PHP RFC: UUID
- Version: 1.0
- Date: 2017-05-25
- Author: Richard Fussenegger, php@fleshgrinder.com
- Status: Declined
- First Published at: http://wiki.php.net/rfc/uuid
Introduction
Universally Unique Identifiers (UUIDs, also known as Globally Unique Identifiers [GUIDs]) are 128 bit integers that guarantee uniqueness across space and time. PHP currently provides the uniqid
function only, however, there are many flaws to it; as is apparent from the many warnings on the manual page. UUIDs are the natural answer to that problem. UUIDs are also gaining more attraction due to emerging technologies like streaming platforms (e.g. Kafka), or event sourcing applications, since uniqueness per record is of paramount importance. Depending on a central (locking) authority increases complexity and decreases throughput of such systems.
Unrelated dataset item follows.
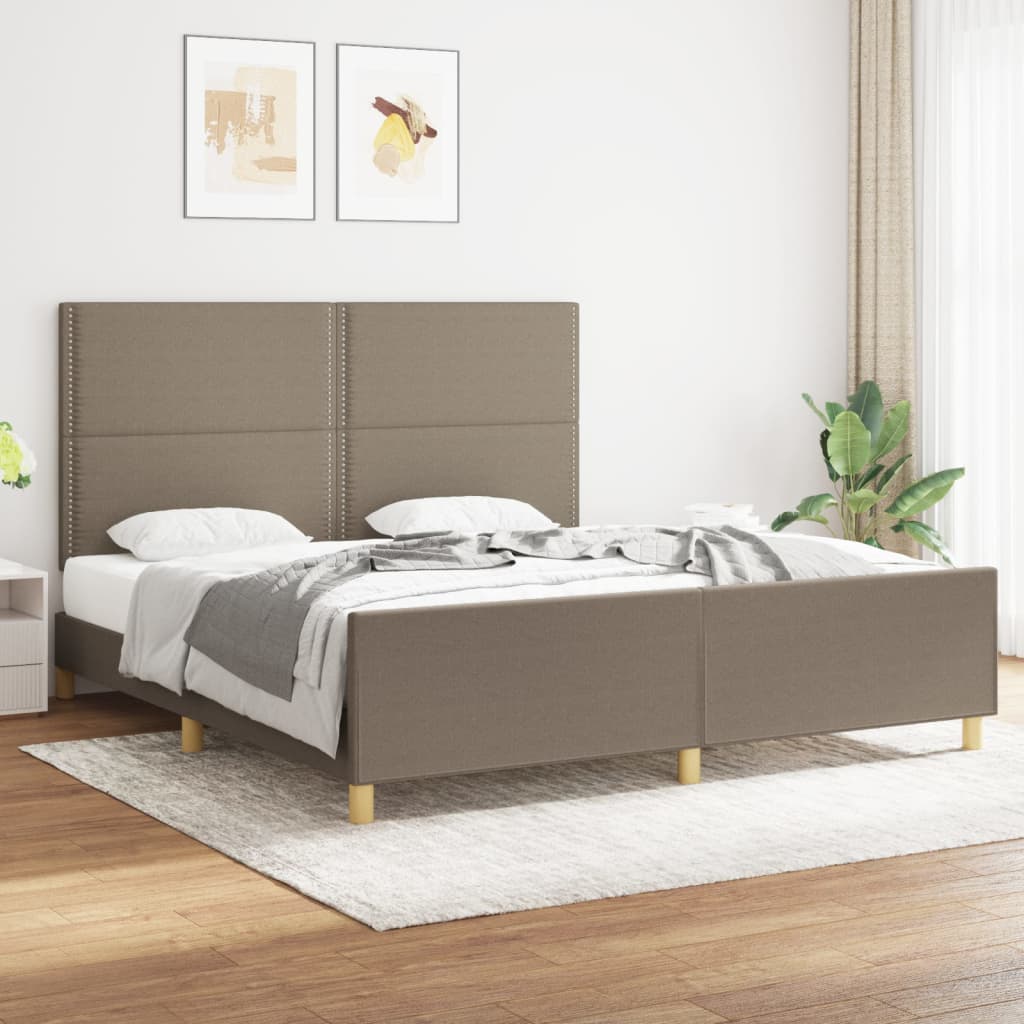 vidaXL Posteľný rám s čelom sivohnedý 180x200 cm látka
UUIDs are defined and standardized in RFC 4122, but were effectively used long before in many systems. The algorithms that are involved are well understood and battle tested through ubiquitous software, like Microsoft’s Windows operating system, since almost 30 years. UUIDs are mainly used to assign identifiers to entities without requiring a central authority. They are thus particularly useful in distributed systems. They also allow very high allocation rates; up to 10 million per second per machine, if necessary. Please refer to the Wikipedia article for more details about UUIDs, their flaws, as well as collision probabilities.
Most high-level programming languages provide support for UUIDs out-of-the-box. The following is a list of widely used languages and other software that provides support for UUIDs out-of-the-box:
- Java (5+ and automatically all of its dialect, e.g. Clojure, Groovy, Scala, Kotlin, …)
- Python (2.5+)
- Ruby (1.9+)
- .NET (C#, VB, F#, C, C++, …)
- D
- Objective-C (iOS SDK)
- Swift
- ActionScript (3+)
- ColdFusion
- Cocoa/Carbon
- Wolfram Language
- SQL (MySQL, PostgreSQL, Oracle, SQL Server, …)
- Boost (C++)
- Windows (C, C++) and console tool
- Linux (C, C++) and device
- BSD (C, C++)
- …
Proposal
Provide a UUID implementation as part of the PHP standard module, that ensures easy and standards compliant construction, generation, comparison, and formatting of UUIDs according to RFC 4122 as an immutable value object.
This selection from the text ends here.